Activity:
Your task is to print all of the data below exactly, with no pictures included.

Dataset records:
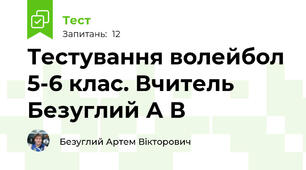 Тестування волейбол 5-6 клас. Вчитель Безуглий А В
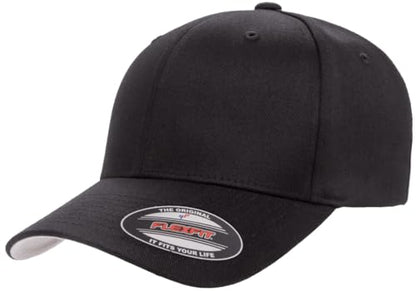 Flexfit Wooly Combed 6-Panel Structured Baseball Cap | Stretch Fitted - color: Black, size: Small-Medium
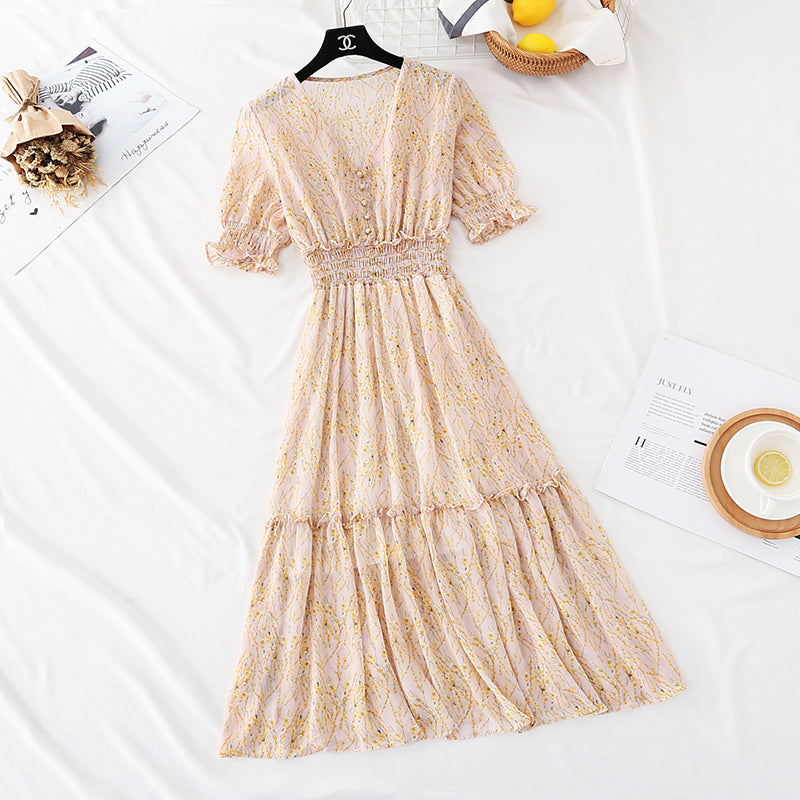 The new waist is slim, Bubble Sleeve Chiffon Skirt, French retro long skirt  4594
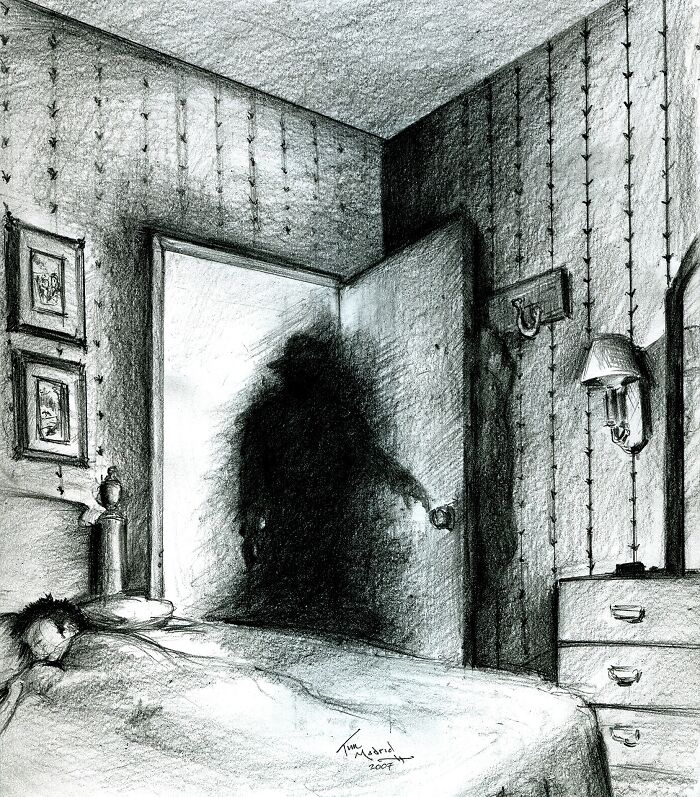 Shadowy figure opening bedroom door in a dark, unsettling scene illustrating scary and eerie Wikipedia articles.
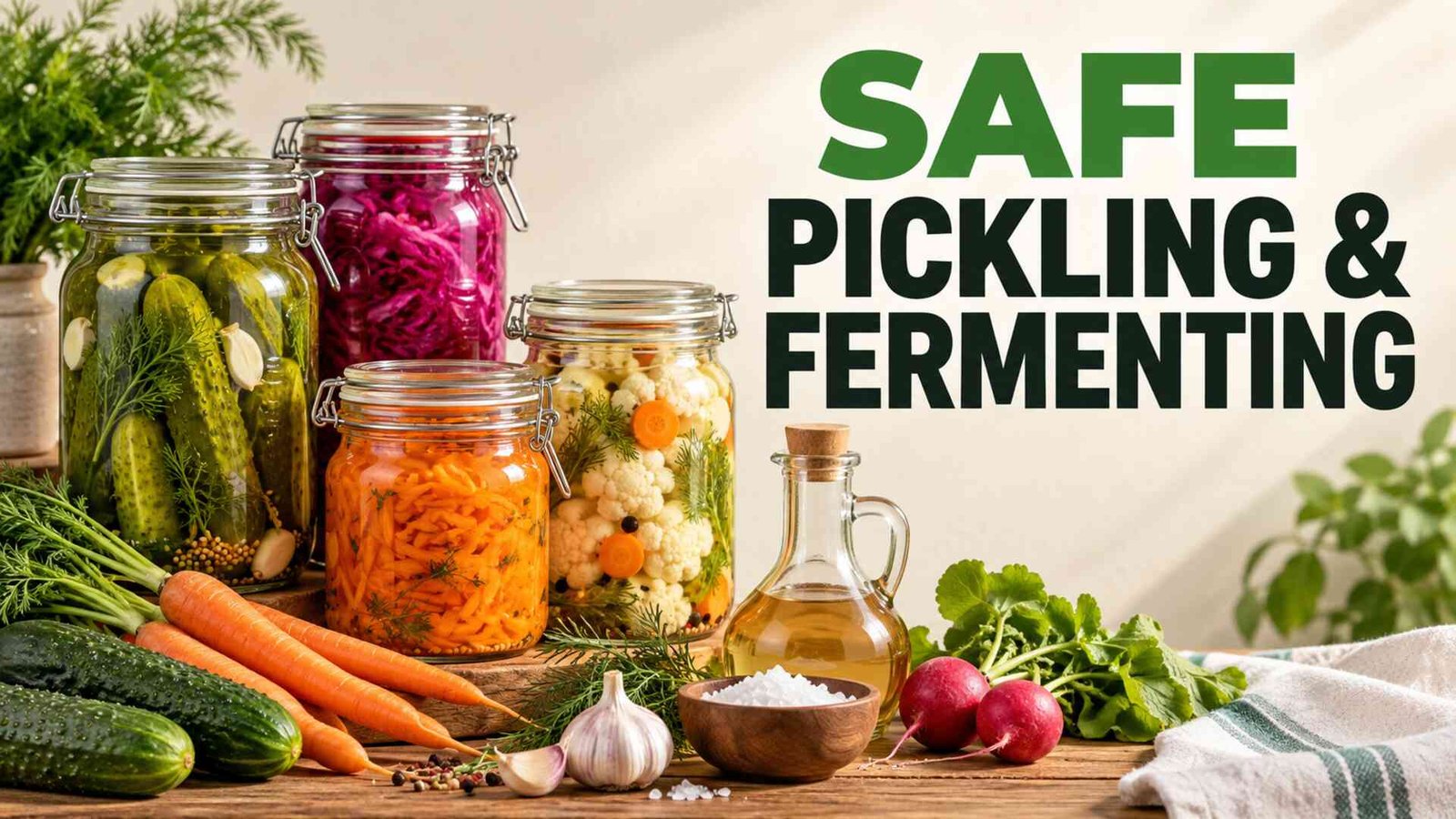 Safe pickling and fermenting guide with vegetables, vinegar, salt and clean jars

Completed exercise:
 Тестування волейбол 5-6 клас. Вчитель Безуглий А В
 Flexfit Wooly Combed 6-Panel Structured Baseball Cap | Stretch Fitted - color: Black, size: Small-Medium
 The new waist is slim, Bubble Sleeve Chiffon Skirt, French retro long skirt  4594
 Shadowy figure opening bedroom door in a dark, unsettling scene illustrating scary and eerie Wikipedia articles.
 Safe pickling and fermenting guide with vegetables, vinegar, salt and clean jars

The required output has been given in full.